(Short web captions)
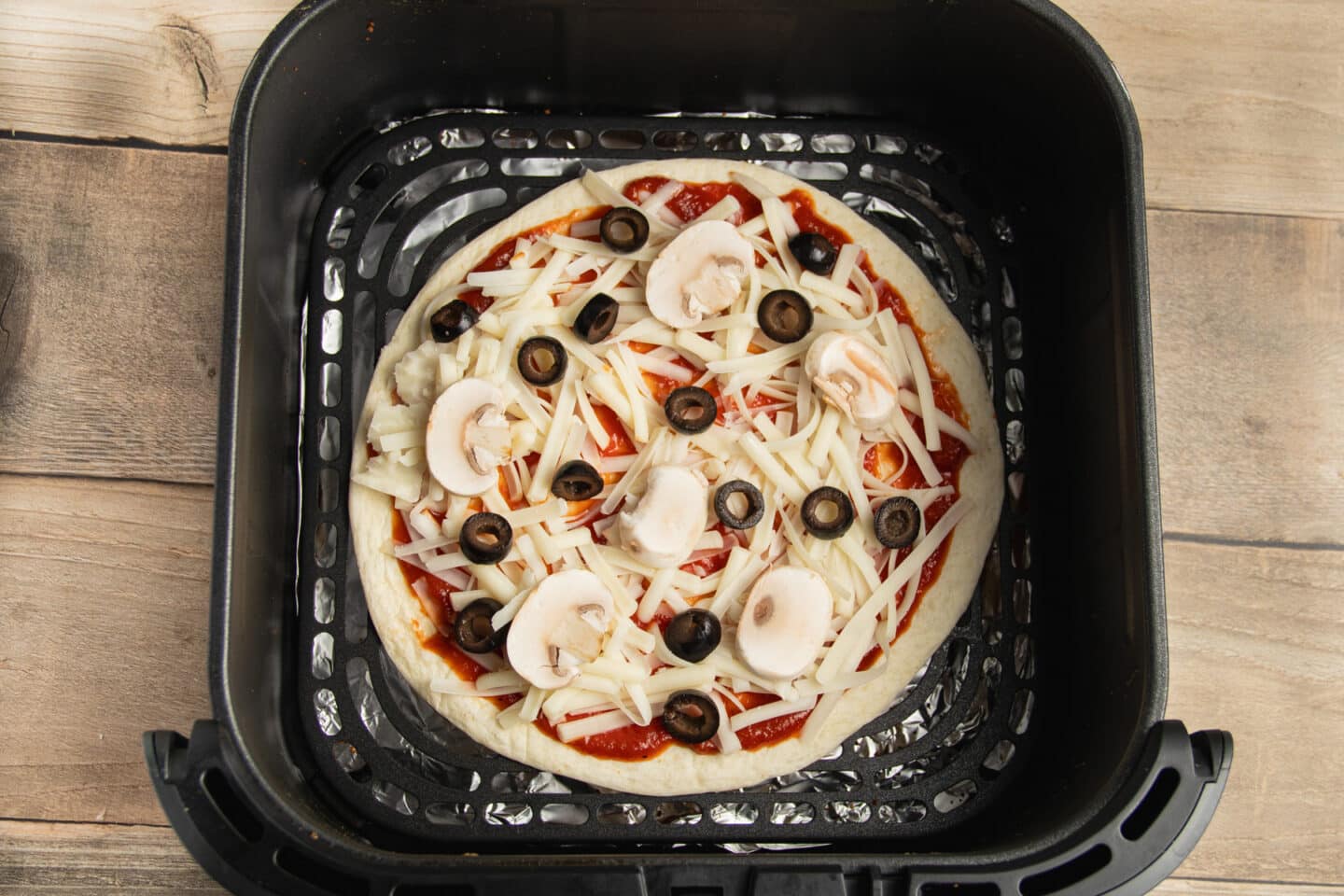 This is a picture of a tortilla pizza in the air fryer before cooking.
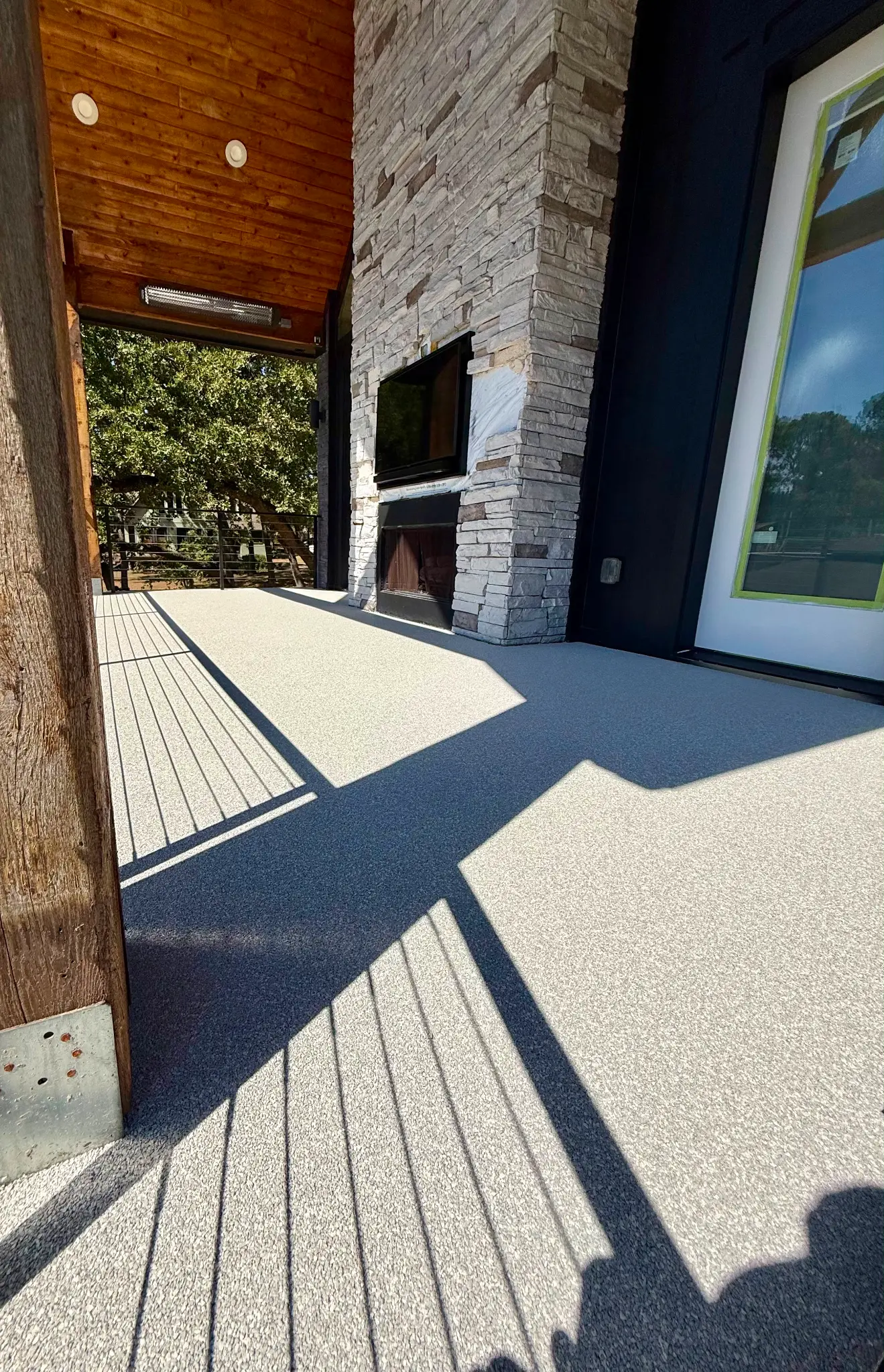 Covered patio with stone fireplace, rubber flooring, and cedar ceiling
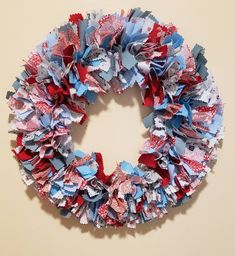 a red, white and blue wreath made out of old newspaper strips is hanging on the wall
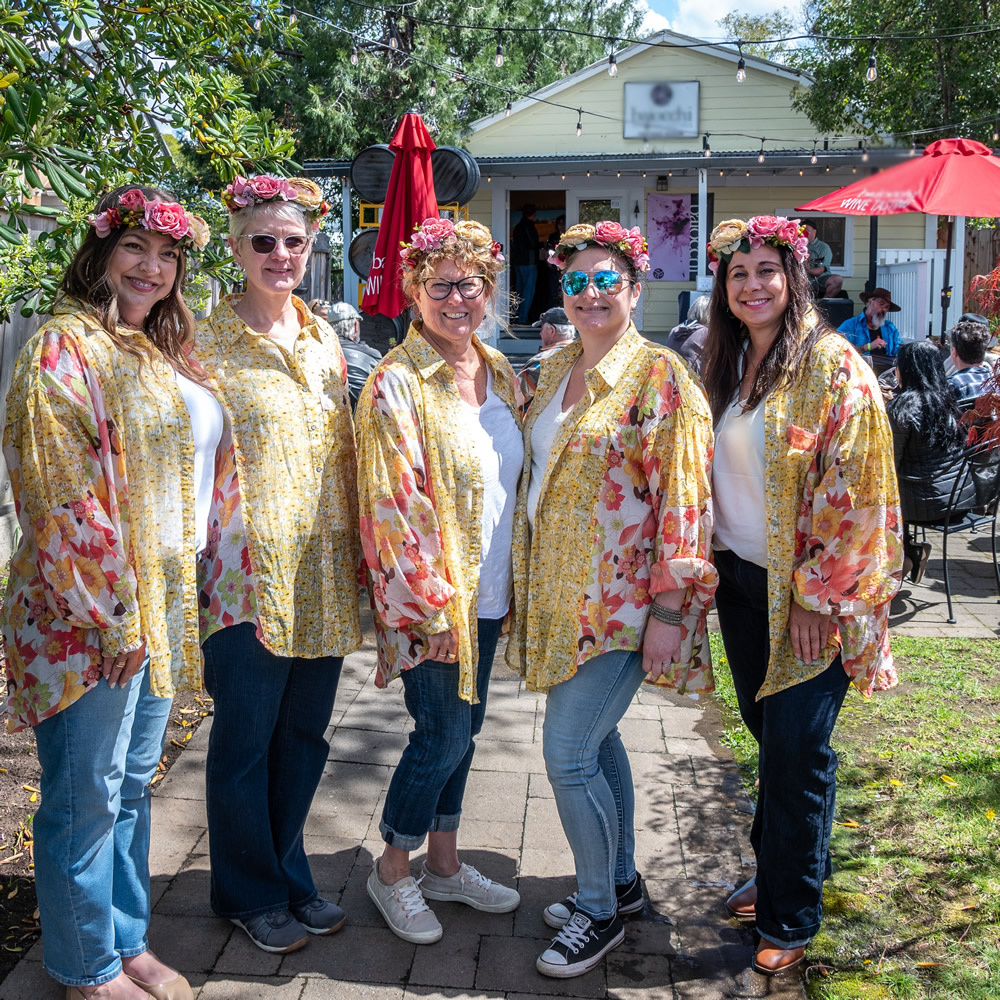 women at wine event in sutter creek with flowers in their hair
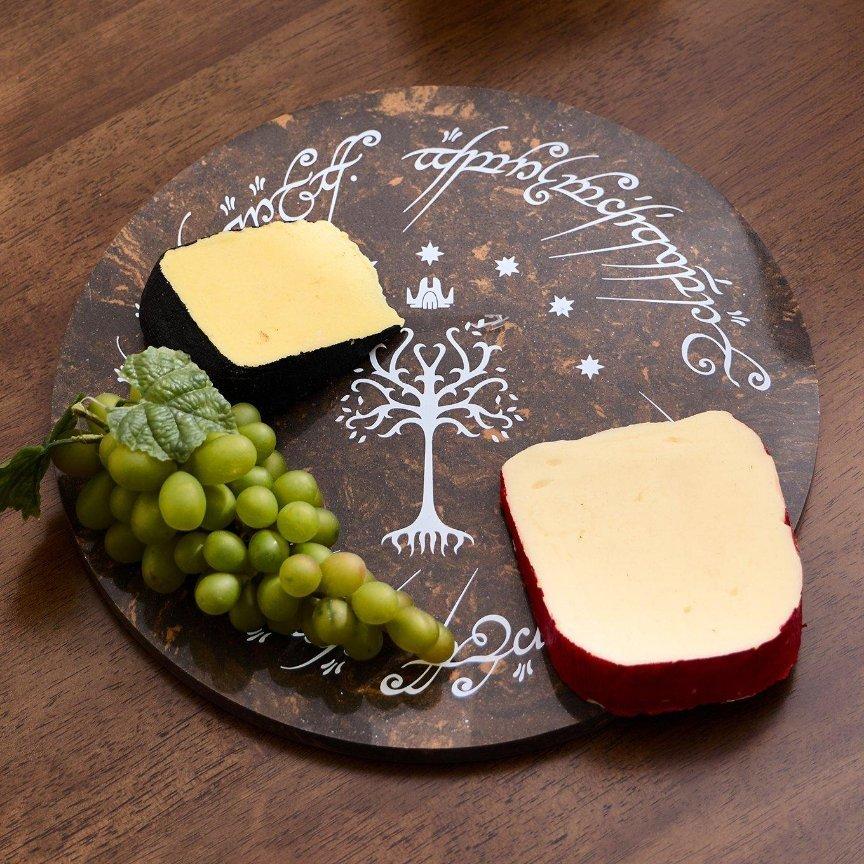 Two cheese wedges and a bunch of green grapes on a round Lord of the Rings Tree of Gondor marble serving board. Shop Now.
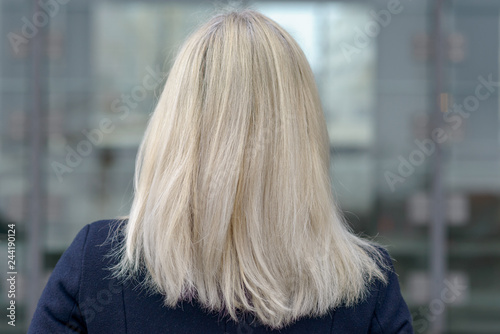 Rear of a woman with shoulder length blond hair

* _To do_: Reproduce exactly, and only, the lines that begin at the one containing "a red, white" and end with the final line of the data, both included, while omitting every picture.

* _Reply_:
 a red, white and blue wreath made out of old newspaper strips is hanging on the wall
 women at wine event in sutter creek with flowers in their hair
 Two cheese wedges and a bunch of green grapes on a round Lord of the Rings Tree of Gondor marble serving board. Shop Now.
 Rear of a woman with shoulder length blond hair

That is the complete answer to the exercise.